Keywords: Acute pancreatitis, Valproic acid, Necrotizing pancreatitis, Medication induced pancreatitis, Algorithm
Abstract
Background
Acute pancreatitis (AP) is one of the most frequent gastrointestinal alterations in the United States. Medication induced AP has been undervalued in the surgical environment as etiologic entity of necrohemorragic pancreatitis (NHP). A case of NHP induced by valproic acid (VA) is presented, and an exclusion diagnostic algorithm is proposed.
Case report
A 29-year-old female with past medical history of migraine controlled with VA was admitted to our institute for acute abdominal pain and peritoneal irritation. An exploratory laparotomy was performed, finding pancreatic necrosis and a diagnosis of NHP was determined. The most frequent etiologies for AP were discarded. An exclusion diagnostic algorithm was performed reaching VA as etiologic gent. The treatment consisted on medication withdrawal, oral restriction, parenteral nutrition, hydration, analgesia and peritoneal wash-outs with a positive outcome.
Conclusion
Is convenient to consider a medication induced AP in patients without clear causative agent, such as the VA case presented. An etiological diagnosis algorithm of exclusion is proposed, for an adequate therapeutic approach in medication induced PNH. Algorithm validation is required.
1. Introduction
Acute pancreatitis (AP) is one of the main causes of hospital admissions for gastrointestinal disorders in the US with approximately 230,000 admissions per year [1,2]. Valproic acid (VA) induced AP has been previously documented by multiple case reports and epidemiological studies [3]. This medication has been widely implemented for seizure disorder control, especially in children. In Colombia the VA is the most frequently used medication for seizure control with up to 33% of all treatments [4]. Moreover, VA is widely used for migraine prophylaxis in adults [5] more frequently used in women [6].

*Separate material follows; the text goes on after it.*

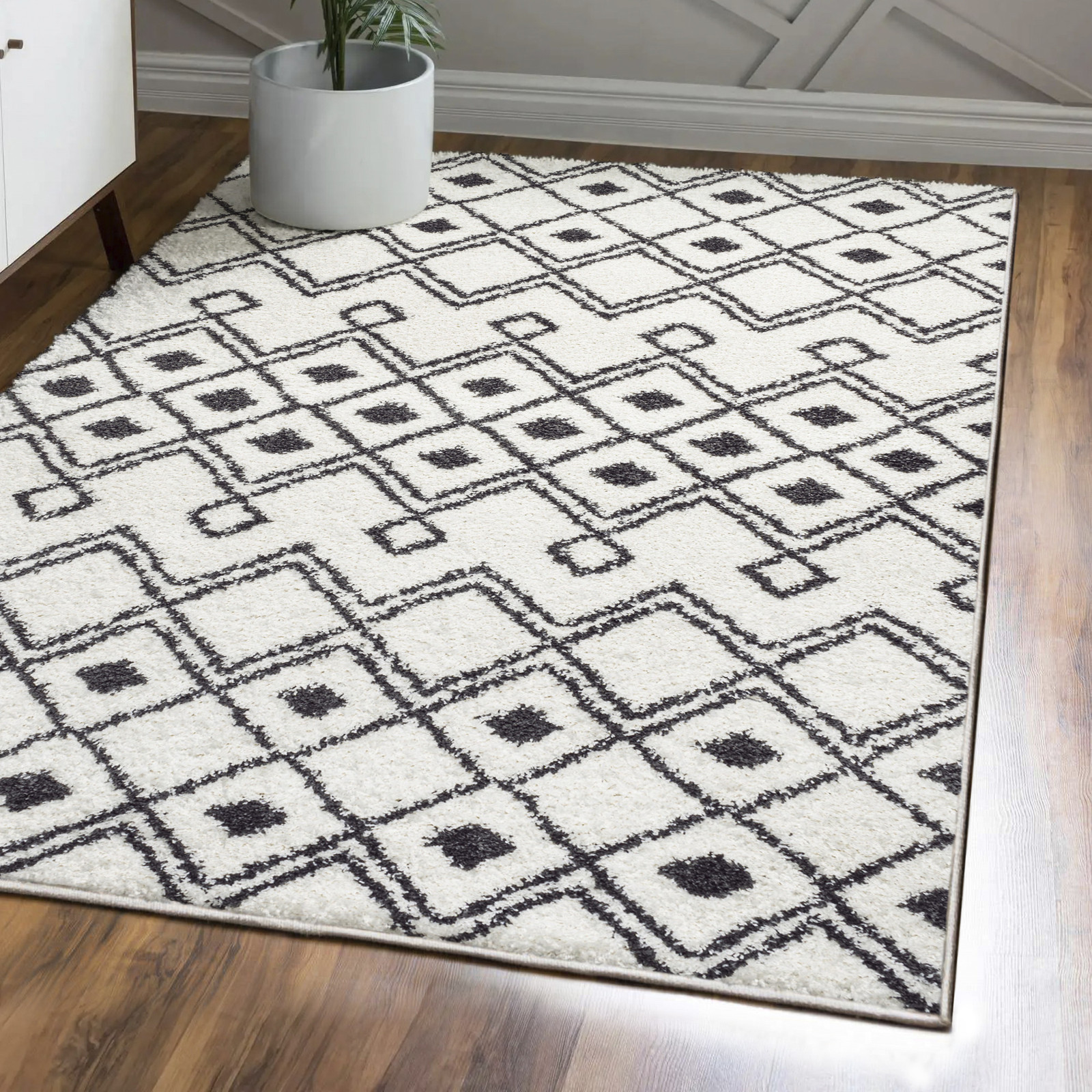 Jonathan Y Moroccan Hype 4x6 Grey Shag Rug for Stylish Lighting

A necrohemorragic pancreatitis (NHP) case is described on a 29-year-old patient, without a clear etiology, considering VA intake as causative agent. Given the infrequency of the medication induced AP an exclusion diagnostic etiologic algorithm is proposed for AP. This case report has been structured according to the international SCARE guidelines [7]. A descriptive literature review was performed for the algorithm design, and patients clinical history, physical examination, the biomolecular mechanisms and the epidemiologic factors were considered.
2. Case report
A 29-year-old patient was admitted to our institute, due to 6 h of sporadic acute abdominal pain located on epigastrium and mesogastrium associated to nausea and vomiting. Upon admission the patient denies history of trauma or clear pain triggering factors. The patient had a past medical history of migraine syndrome controlled with VA for the last 2 years (dose of 250 mg/12 h), cavernous hemangioma on the left side of her face with multiple reconstructive surgeries and a family history of rheumatoid arthritis in her mother. The patient denied smoking or alcohol intake.

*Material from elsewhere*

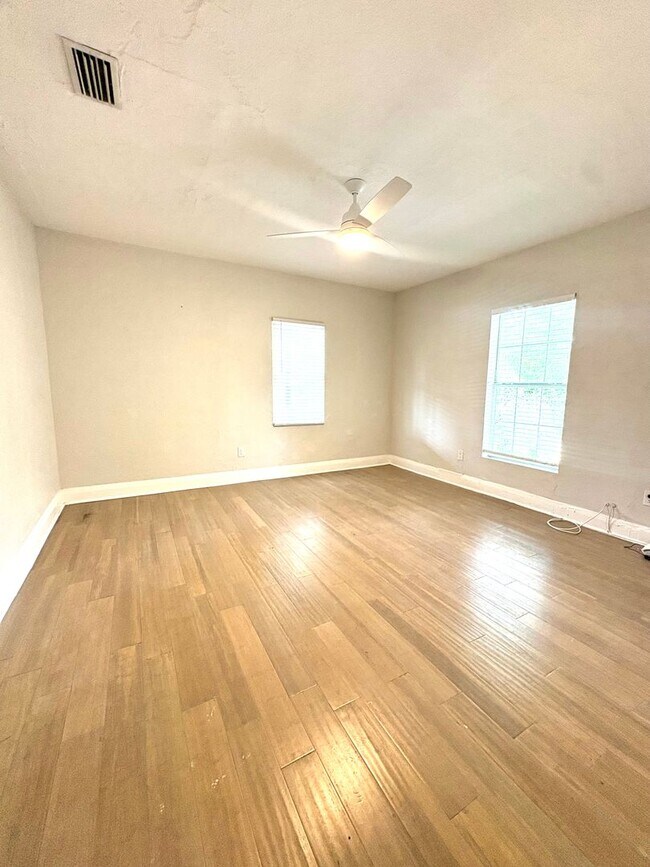 Building Photo - 3 BED/2 BATH Historic Home Available NOW!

On admission the patient had normal vital signs, and her physical examination revealed peritoneal irritation signs, absent bowel sounds, no skin lesions, and no mases were felt on abdominal palpation.
Positive laboratory work-up results revealed leukocytosis (13.000), a metabolic acidosis on arterial gases (pH: 7.34, FiO2: 21%, PCO2: 31.8, PO2: 65.9, HCO3: 17.9, BE: −9.3), hyperlactatemia (2.7) and amylase at 270 U/L (30–118 U/L). No alterations were detected on abdominal ultrasound.

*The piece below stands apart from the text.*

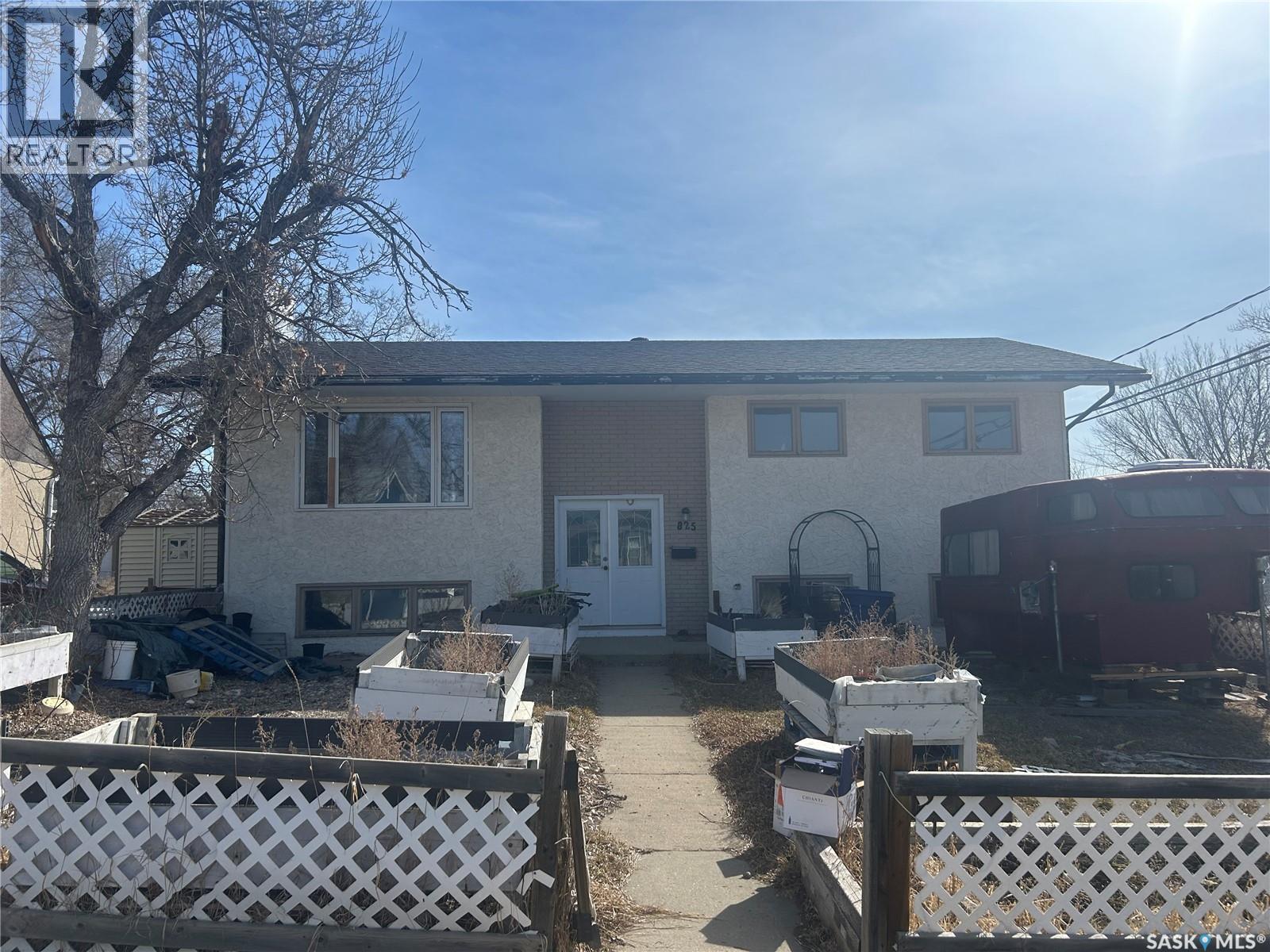 825 7th AVENUE NW, Moose Jaw, Saskatchewan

The patient was taken to an exploratory laparotomy due to a clinical acute surgical abdomen. Intraoperative findings included necrohemorragic intra- and retroperitoneal fluid, extending to omental bursa and periduodenal space, with segmental epiploic necrosis, multiple stheatonecrotic foci on the pancreatic cell, and superficial head, body, and tail pancreatic necrosis (Fig. 1), requiring negative pressure system (VAC Abthera®) placement in pancreatic cell. No stones were felt on gallbladder palpation.
Fig. 1.
Intraoperative findings of Valproic Acid induced Acute Pancreatitis (AP).
Evidence of a: steatonecrosis foci on parietal peritoneum; b: peripancreatic fat; c: pancreatic necrosis at the head of the pancreas.
During hospital stay bile stones and alcoholism were discarded upon AP etiologic approach. Further extension work-up excluded other etiologies for AP such as infection, trauma, hypercalcemia, tumors, hypertriglyceridemia, or autoimmunity. Normal results were obtained on triglycerides, electrolytes, antinuclear antibodies, complement proteins (C3, C4), hepatitis B virus anticore IgM, hepatitis B superficial antigen, HIV antibodies, and abdominal CT scan.
The use of VA was considered as the etiologic factor for the patients’ AP, due to no evidence of other abnormalities on clinical work-up.
Immediate VA withdrawal was ordered, and oral intake restriction, with parenteral nutrition to meet daily nutritional requirements, and pain management was performed. Two additional surgical procedures were required: Negative pressure system change with peritoneal washout, and a posterior formal abdominal closure requiring a Jackson-Pratt drain placed at pancreatic cell.
The in hospital control workout did not report abnormal values, and CRP levels progressively decreased as inflammatory modulation marker.
A postoperative cholangioresonance reported a normal density pancreatic tissue, a 13 mm image suggesting a non-significant hematoma, and a pancreatic fistula was discarded through drainage amylase level. Other non-significant small collections were identified: sub hepatic collection of 31 × 16 mm, another perigastric collection of 20 × 15 mm, and a periumbilical collection of 48 × 24 mm.
During hospital stay the patient went through a poor pain modulation due to a psychoafective disorder, increasing the hospital stay. The patient underwent through a slow but positive recovery, and had a hospital length of stay (LOS) of 18 days. The patient was discharged with recommendations and pain medication. An abdominal CT was performed as follow-up image, and revealed complete collection resolution, without other abnormal findings were seen.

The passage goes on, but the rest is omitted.